In short, there's little need for capitalists in this contrived public-private rail system of ours. Except to serve as political cover to our feckless political class and to perhaps to keep rail related borrowing off books a 'la PFI (although this applies more to NR and the ROSCOs more than the TOCs). We're essentially hiring some middlemen to borrow and invest on our behalf, and since in the event of their collapse we inevitably pick up the bill anyway, I can't see any benefit to this arrangement.

Anonymous said...

Spot on. The current East Coast operator has had no opportunity to think about future investment as it was never part of the future operating strategy, hence the lack of growth in the market.

Most of the improvements won't be seen until 2018/19 as electrification is required and new rolling stock needs delivering. Thats three years for the consortium to undertake lots of work to back pedal from today's promises.

I'd like to see the numbers behind the need for 7 direct services from Harrogate to London every day.

SteveB said...

I'm afraid two previous have a point Tim, NatEx had to give up because they offered unsustainable amounts of premium and unlike on the West Coast, this combo can't raise revenue by squeezing the off peak hours because it's already been done on East Coast. And before we see the business case for Harrogate I'd like to see the paths!!

And Virgin (if not Branson himself personally) have got away with controlling train paths at Crewe, for years they used a loophole in the legislation to stop London Midland running viable competition to London, and further afield they effectively forced Wrexham&Shropshire out of business by using the same loophole to ban them from some stations.

This deal now means that Stagecoach control the East Coast and Midland Mainline plus 49% of East Coast so there's an obvious competition row about to blow up. Could it be a way of finally letting First Group have West Coast? And has Branson lost interest, the 90:10 partnership on East Coast is basically him selling branding rights to Stagecoach (although why they think they need it is beyond me!).

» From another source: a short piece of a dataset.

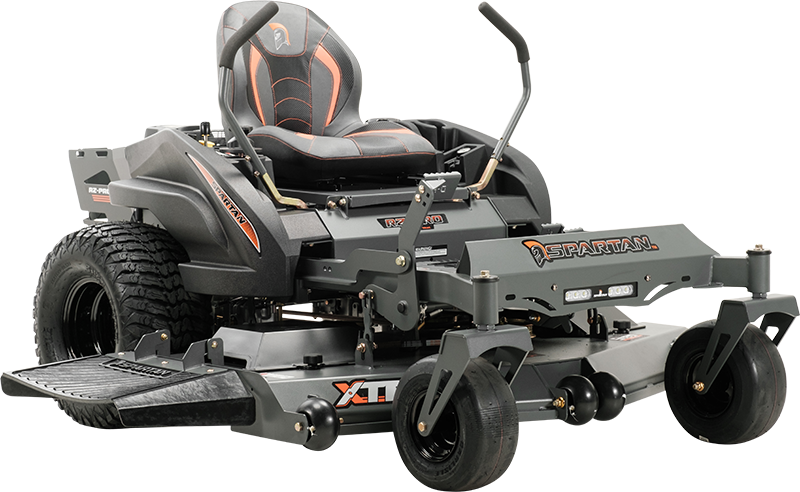 Spartan RZ Pro 61" RESIDENTIAL ZERO-TURN MOWER W/ KAWASAKI FR730 (24 HP) (SZPR261730KR)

And it's unfair to say ATW fleece the Welsh government, their bid was much cheaper than NatEx asked for and last time I looked they had the most punctual and reliable regional trains in Britain (despite their Cardiff HQ staff!!). If you want to see fleecing try Northern!

Anonymous said...

Don't disagree Re: Northern, but take ATW's £7.5 million "refurbishment"
Toilets that don't flush properly, faulty air-con and already looking tired.


john b said...

Arriva famously *underbid* for ATW, and made a sizeable loss on the contract (to the taxpayer's benefit).

Competition concerns are irrelevant: the idea of on-rail competition existing was only ever a pipedream among ridiculous libertarians, and has never had any real-life relevance. Virgin/Stagecoach provides a service to the DfT's specification, as would any other operator on the route.